#7-case-studies-stories
Thread

Would appreciate the collective wisdom of the group on this potentially sticky situation. We are working on a case study with a customer, and he returned a rewritten draft that is not in our brand voice or tone. Much of the sentence structure and phrasing (not verbatim quotes) is written in an Indian English dialect. Which would be fine for a blog post, but it diverges significantly from our typical case study style.
WWYD? I don't want to drag this draft on forever, and I want to be sensitive to the time he took to revise it. He's an engineer, so he doesn't have the same perspective as a copywriter/copyeditor would.

Hi @Emily Coleman - I've been here to many times to count. I would offer 2 or 3 blogs to him, in his native English/Indian tone so that he can use it for social etc. Then let him know that for a "case study" story layout we (you) need to stick to the following xyz, to stay in compliance with your company brand values and strategy. Since he is an engineer he may not be aware of the intricate details of how a case study should be written and developed to stay on brand. Hope that helps 😉

I have also been there!

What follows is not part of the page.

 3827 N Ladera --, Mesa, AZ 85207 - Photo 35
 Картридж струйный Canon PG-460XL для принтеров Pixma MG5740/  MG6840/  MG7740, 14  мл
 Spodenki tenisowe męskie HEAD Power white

Big commiseration as even following best practices doesn't guarantee this gets across the line 🥺

He told me he spent an hour working on it and I was like, "awww, you shouldn't have!" (no really, he shouldn't have)

Literally nothing worse than someone thinking "review" means "rewrite" 🥲

I think next time I send a draft out, I'm going to suggest that if there are larger substantive things they want to change, to leave a comment in the draft instead of rewriting as a way to save them time. Because I think they have a vision in mind for what they want to communicate, but writing is a whole different skillset!

I would try a Frankenstein approach from a content perspective. Leave the language changes out (ie. maintain your style guide), but incorporate changes to the actual story. If there aren't changes to the story and it's mostly word choice that reflects a regional preference, you can always point back to your global audience and a style guide that dictates your content maintains those global standards. Emphasis on their story having global reach can often be the carrot needed.

Great framing. I'm definitely going to use that.

What about a compromise? Publish both his blog post (slightly modified) for the customer community + have him approve a case study that "follows your company's style guide and guidelines"? I might also go one step further and collect a high res recorded quote that can be used to promote both. I have several example posted on LI.

We did create a blog post draft for him to revise and use as he wanted. He opted not to revise or use that one. We also have several good-quality testimonial videos from him already. Otherwise, this would be a great option!